What is being asked: Exactly as written, retype the listing below, omitting the pictures.

------ Material for this task ------

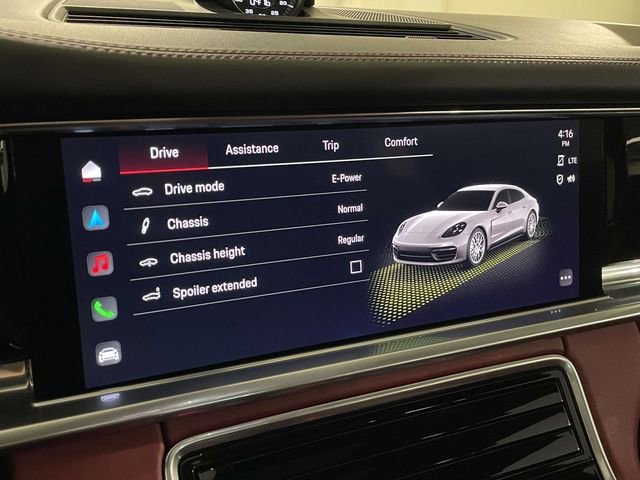 Certified 2023 Porsche Panamera 4 Platinum Edition image 32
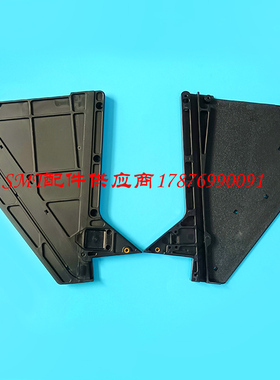 雅马哈SS8MM废料盒 电动飞达配件 料带盒黑色盖 KHJ-MC16Y-00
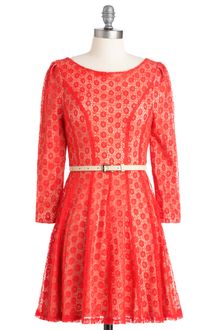 ModCloth Cherry Tomato Salad Dress - Lyst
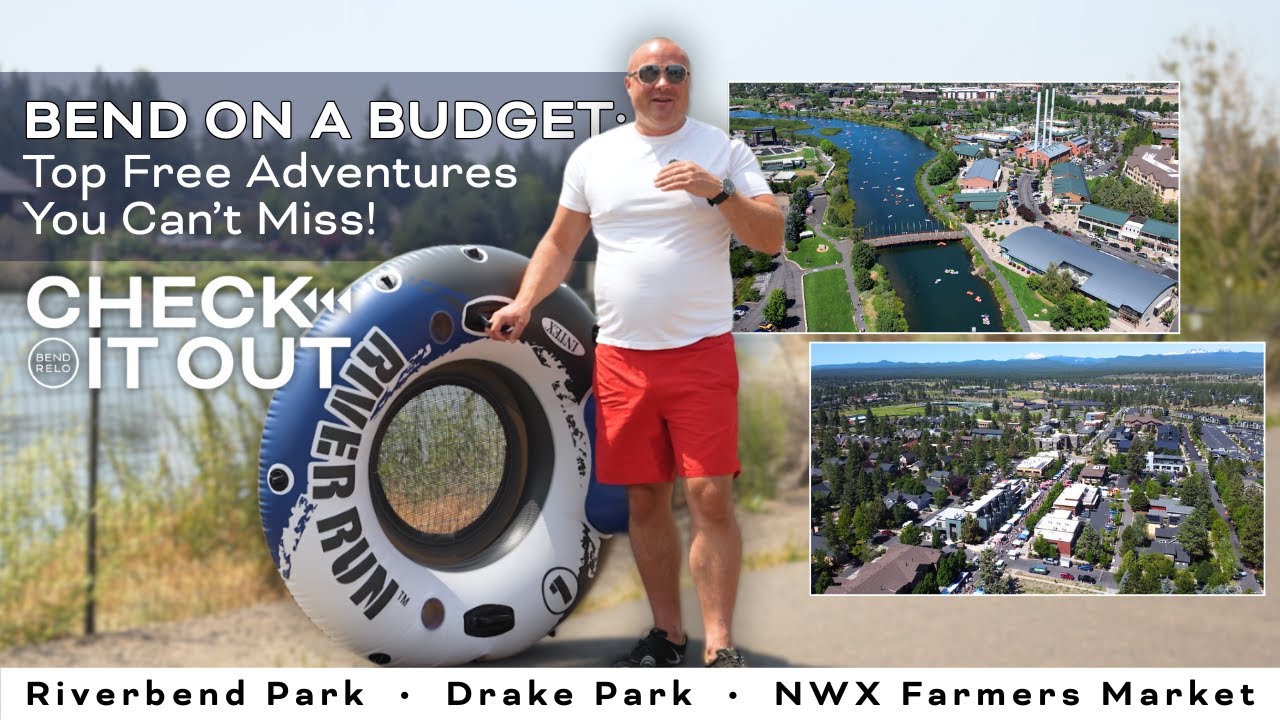 Video thumbnail: Check It Out - Bend on a Budget: Top Free Adventures You Can’t Miss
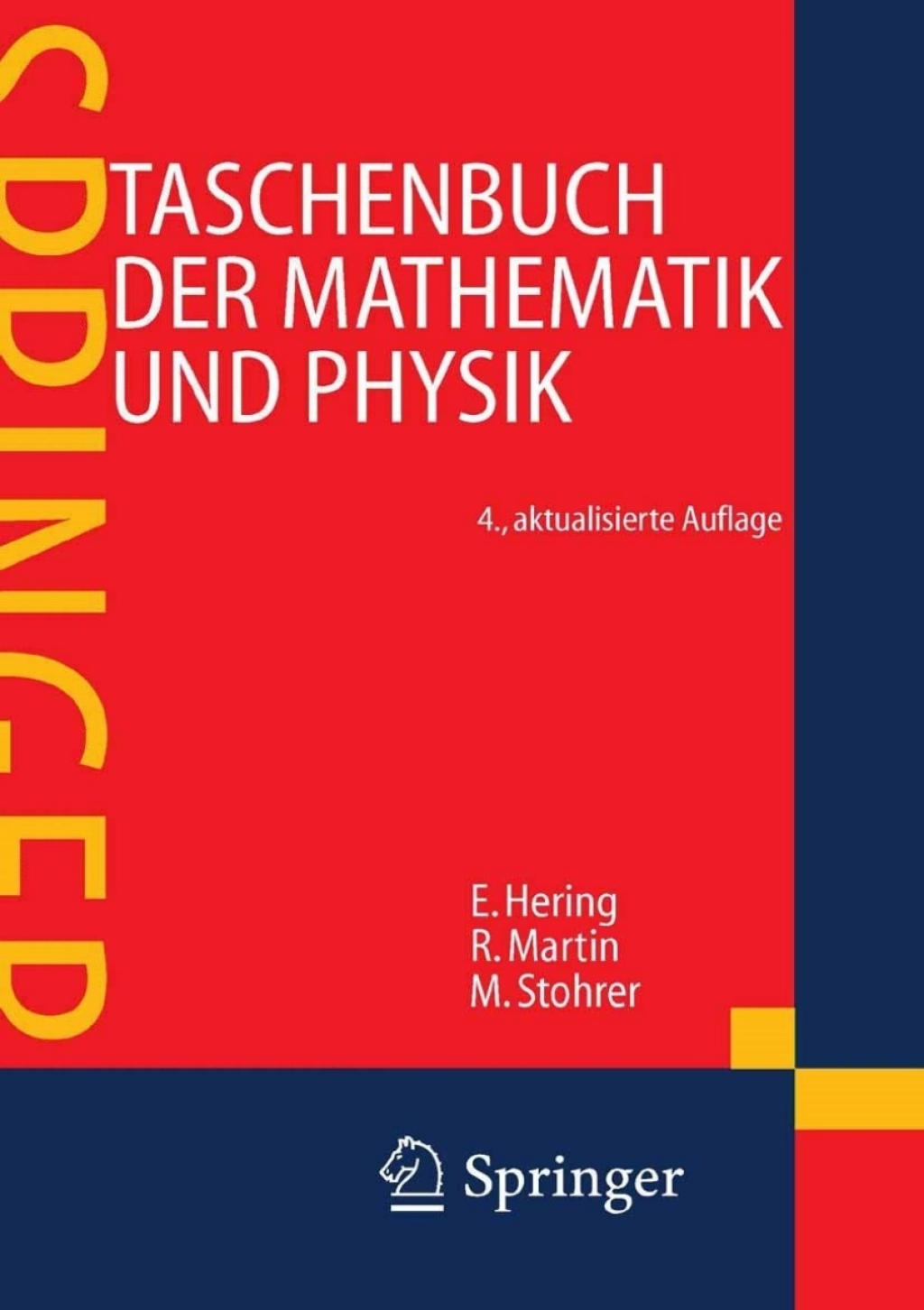 Taschenbuch der Mathematik und Physik 4th Edition - (PDF/EPUB Version)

------

Solution to this problem:
 Certified 2023 Porsche Panamera 4 Platinum Edition image 32
 雅马哈SS8MM废料盒 电动飞达配件 料带盒黑色盖 KHJ-MC16Y-00
 ModCloth Cherry Tomato Salad Dress - Lyst
 Video thumbnail: Check It Out - Bend on a Budget: Top Free Adventures You Can’t Miss
 Taschenbuch der Mathematik und Physik 4th Edition - (PDF/EPUB Version)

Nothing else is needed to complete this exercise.